К нам подошла Эрлихова, до смерти перепуганная, а за ней совершенно подавленная товарищ Пецакова, и все трое наперебой поделились со мной информацией. Оказалось, что когда рано утром гостиничный повар, фанатический приверженец закаливания, решил по обыкновению поплавать в озере, он нашел на пляже труп, который наверняка принесло туда каким-нибудь придонным течением. На виске был след от удара, но повар считает, что не смертельного. Неизвестный утонул. Впрочем, неизвестным он оставался недолго. Вызванный портье сразу опознал в покойнике нашего шефа. Потом мужчинам пришло в голову пересчитать лодки. Одной не хватало. Поскольку над озером стелется утренний туман, лодки пока не видно, но на остальных уже расплылись в разные стороны группы искателей. Все ждут приезда полиции.
Мы расселись вокруг стола и погрузились в уважительное молчание.
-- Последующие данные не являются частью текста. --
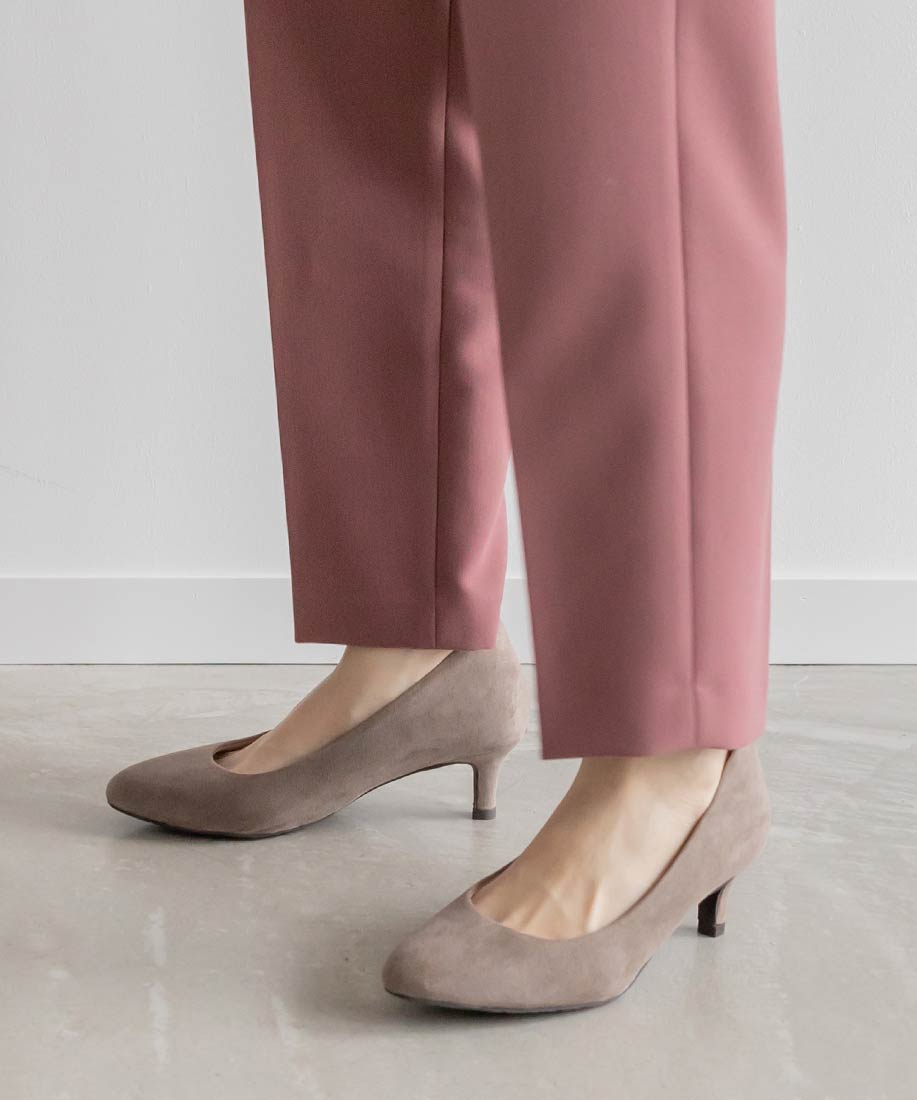 走れる美脚パンプス】3E幅広 快適パンプスRANDA公式サイト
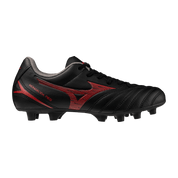 Monarcida Neo III Select Jr FG - Shadow Gem Pack (P1GB252500) Footwear Mizuno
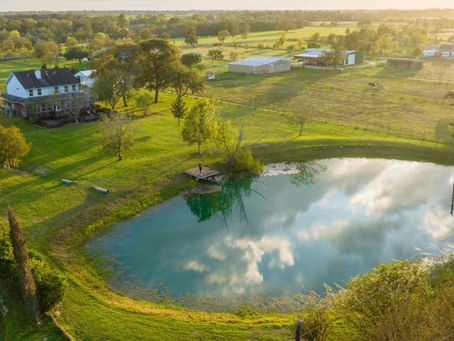 Yala Ranch: A Private Texas Retreat for Weddings, Getaways, and Unforgettable Experiences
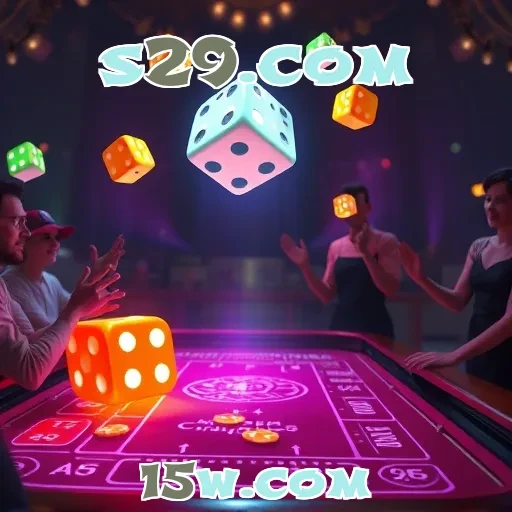 s29.com: Aventura e Emoção na Seção de Caça-Níqueis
Я стал думать про своего дорогого шефа и понял, что его кончина меня абсолютно не взволновала. Тем не менее я погрузился в воспоминания. Вот он принимает меня на работу, в 1949, в эпоху беретов и вельветовых брюк. Вот благополучно руководит издательством — всегда трудолюбивый, всегда активный, всегда a jour. Он постарел, полысел, под неусыпным руководством товарища Крала оставил за собой глубокую борозду в чешской литературе. Вдоль нее лежали рукописи, так и не ставшие книгами, абзацы, вычеркнутые из других рукописей, улучшенные словечки, облагороженные классики, удивительные предисловия, горы запыленных отечественных и переводных романов о строителях социализма, романов, никому не нужных и хранившихся на заброшенных складах, горы протоколов разных совещаний, отмечавших вехами извилистую тропинку генеральной линии, которая, словно линия фронта на карте, отражала историю постепенного отступления от прекрасных, чистых и простых первых лет, от тех прозрачно-кристальных времен, когда нет значило нет, а да — да. Шеф с изворотливостью маленького Гудериана выпрямлял эту линию фронта, теснимый с одной стороны информированным товарищем Кралом, а с другой — напористыми поэтами-модернистами, чудаковатыми интеллектуалами и подозрительными группками, сплотившимися было вокруг журнала «Весна». Это издание ему в конце концов удалось ликвидировать, однако Бог весть почему он все-таки исподволь внедрял эстетические критерии интеллектуалов в повседневную практику поэтической редакции, а поэзией в нашем издательстве заведовал я. В оборонительных боях с засильем снобов он выпустил тонюсенький сборник неприличных народных песен, собранных в начале девятнадцатого века стихийным будителем Гонзиком из Мрти и запрещенных тогдашней суровой цензурой; напечатал перевод романа чернокожего автора, который, описывая гарлемскую нужду, отнюдь не избегал просторечных выражений, а также поэтессу, которая осмелилась предложить издательству свои каллиграммы, абсолютно непонятные товарищу Кралу. Вдоль борозды, проложенной этой многогранной деятельностью, валялись также несколько книжек самого шефа, книжек, где он воспевал родные просторы, мозолистые руки, землю-кормилицу, прекрасную, ибо чешскую, а также революцию; его стиль был давно известен — это был проверенный стиль тех поэтов, которые прошли по жизни незамеченными и память о которых хранится только на полках литархивов.